Кен умолк. Невнятный говор прошел среди военачальников, и Александр слышал, что они одобряют Кена. Он увидел, что многие плачут, опустив голову и неловко утирая слезы загрубевшими руками.
Александр был горестно удивлен этой речью. Кен, его верный друг и соратник, который всегда был с ним рядом, готовый выполнить любой приказ царя… Он был рядом и в битве с трибаллами в дни ранней юности Александра, он был рядом и при Гранике, и при Иссе. Он штурмовал вместе с Александром Тир и сражался под Гавгамелами в центре фронта, где был опасно ранен стрелой… Он преследовал по приказу царя неуловимого Спитамена и сражался здесь, на Гидаспе…
И только теперь, на Гифасисе, когда почти вся Ойкумена у них в руках, когда можно властвовать над всем миром, — Кен отказался следовать за своим царем!

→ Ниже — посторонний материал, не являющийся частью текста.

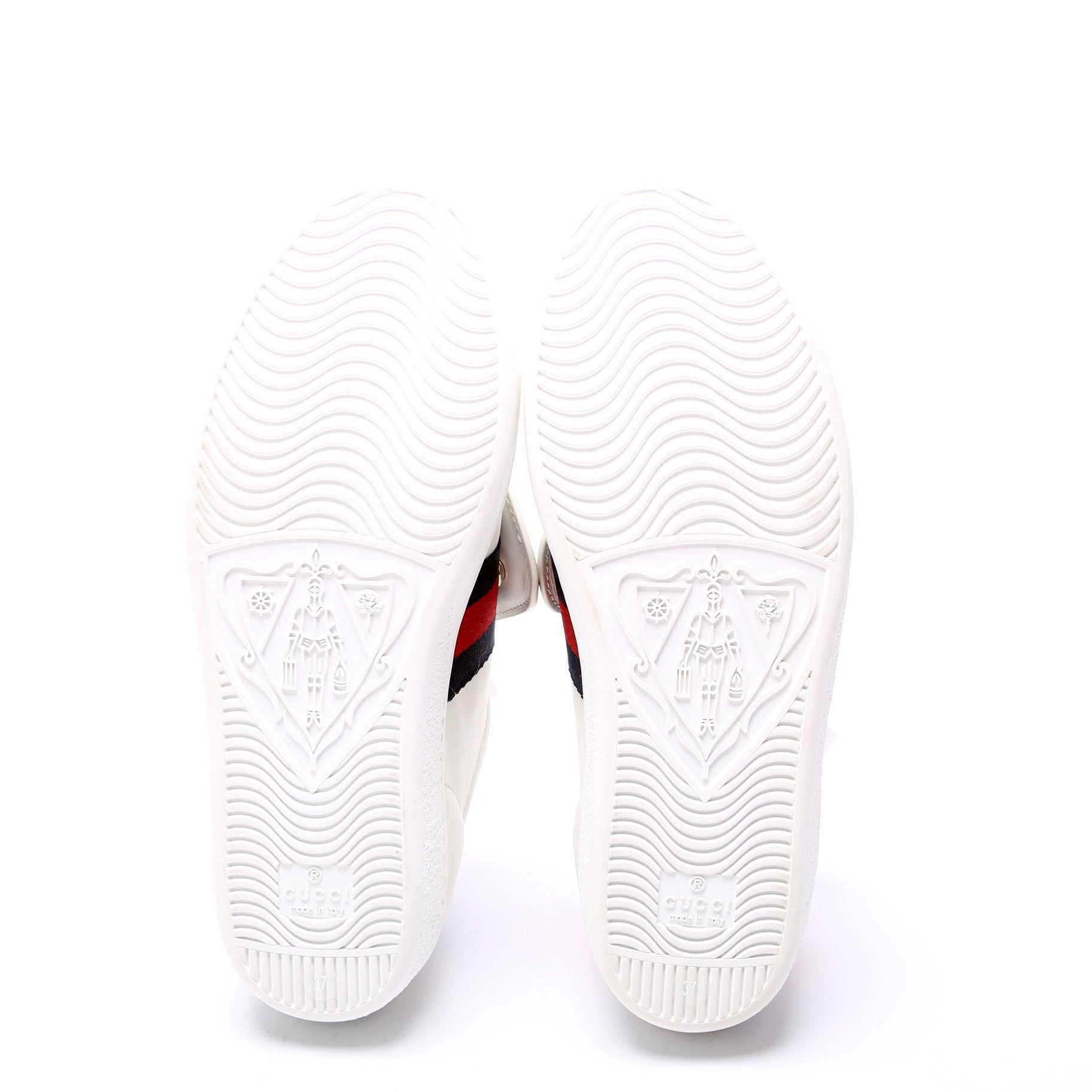 Gucci Ace Web Blind for Love Sneakers Size 37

Александр понял, что он бессилен против непреклонного решения войска вернуться домой. И понял главное: не только потому что они хотят вернуться, что у них не стало сил, а потому, что они не верят в свою власть над всем миром и не видят смысла в дальнейшем походе.
Это убивало честолюбивые мечты Александра, убивало его душу.

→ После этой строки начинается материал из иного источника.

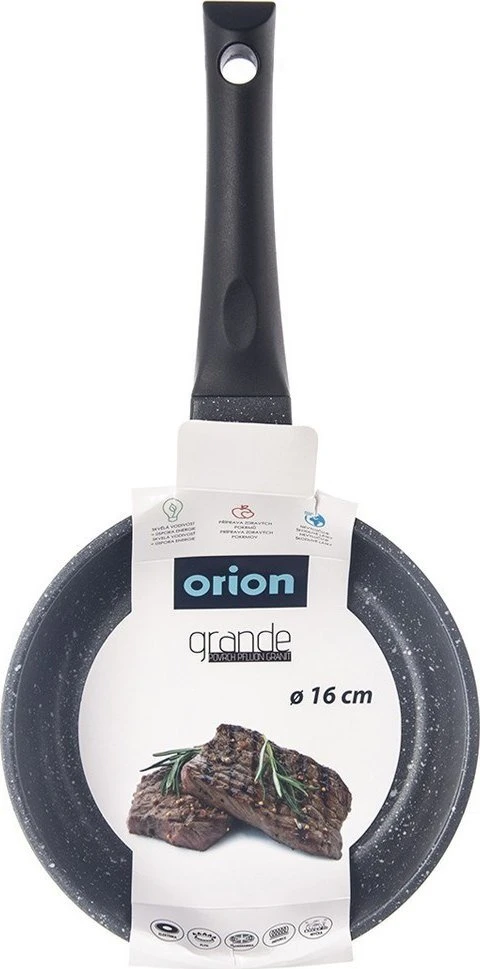 Orion Keptuvė 16 cm GRANDE - Multifunkcinė keptuvė mėsai ir daržovėms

Ночь была тяжелой. Александр не мог спать — все в нем дрожало от возмущения, от обиды, от того, что уходит из рук то, что казалось таким уже возможным… Он не знал, какая огромная земля лежит за Гангом и что вовсе не так близок тот таинственный берег туманного Океана, который он считал краем земли.
Стояла тишина, ливень перестал. Александр, отстранив стражу, вышел из шатра. Ни лагеря, ни земли, ни неба. Черные тучи и сырой, тяжелый туман. Теплая земля дышала влагой.

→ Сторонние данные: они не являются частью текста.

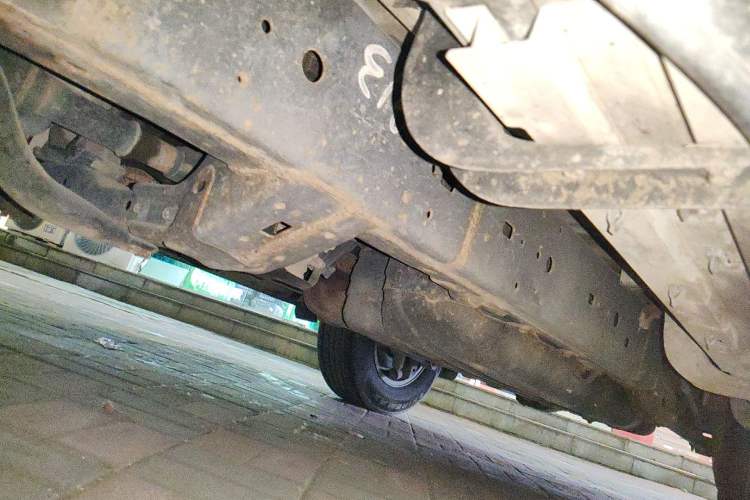 Used Toyota Prado  Chassis Front Left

К утру он уснул, снились печальные сны. Букефал подходил к нему и хватал за хитон мягкими губами.
«Букефал, друг мой! Друг мой!»
Александр пытался погладить коня, но рука встретила пустоту.
Он проснулся с печальным сердцем.
Вспомнив вчерашнее, Александр тяжело задумался. Что случилось? Он, царь, полководец, должен подчиняться войску? Войско отказывается повиноваться ему? Но разве не обещал Аммон отдать в его власть всю землю?
В бессильном отчаянии он ждал, что военачальники придут и скажут, что и они, и их войска готовы идти за царем, готовы идти всюду, куда он поведет их, потому что они не могут оставить его.
Но лагерь молчал. Тишина. Только буря шумела и снова лил не переставая дождь, с воем ветра, с грохотом грома, с полыханием молний. Казалось, весь мир уже утонул в этом дожде. И лагерь молчал.
Понемногу гнев и отчаяние утихали. Александр то расхаживал по своему огромному шатру, то бросался на спальное ложе, то велел приготовить ему ванну. И на второй, и на третий день он никого не впускал к себе, даже Гефестиона. И здесь, в одиночестве, он обдумывал свое положение и свои дела.
Надо ли ему идти до Ганга? Не случится ли так, что, уйдя так далеко на Восток, он потеряет завоеванные земли? Уже и сейчас отовсюду приходят гонцы с жалобами на произвол его наместников-сатрапов. А их некому наказать — царь далеко. Он дал большую власть и силу персидским и македонским вельможам, а эти люди замышляют измену…
По всем его завоеванным странам, как сухие костры, вспыхивают восстания покоренных племен. Уступив силе, они снова берутся за оружие, и никакой армии Александру не хватит, чтобы держать их в повиновении.
Александр перебирал в памяти рассказы индийских раджей Пора и Таксилы об их стране. Страна эта богата сокровищами земли и рек. Но прежде чем попадешь в глубь ее, надо пройти огромную пустыню, такую огромную, как вся захваченная им Азия. Ни дерева там, ни травы. Только песок поднимается красной тучей, знойная пыль душит все живое… Днем там смертельный зной, а ночью леденящий холод. И воды там нет. Только и найдешь кое-где узкий, глубокий колодец, но вода там плохая, от которой болеют и животные, и люди…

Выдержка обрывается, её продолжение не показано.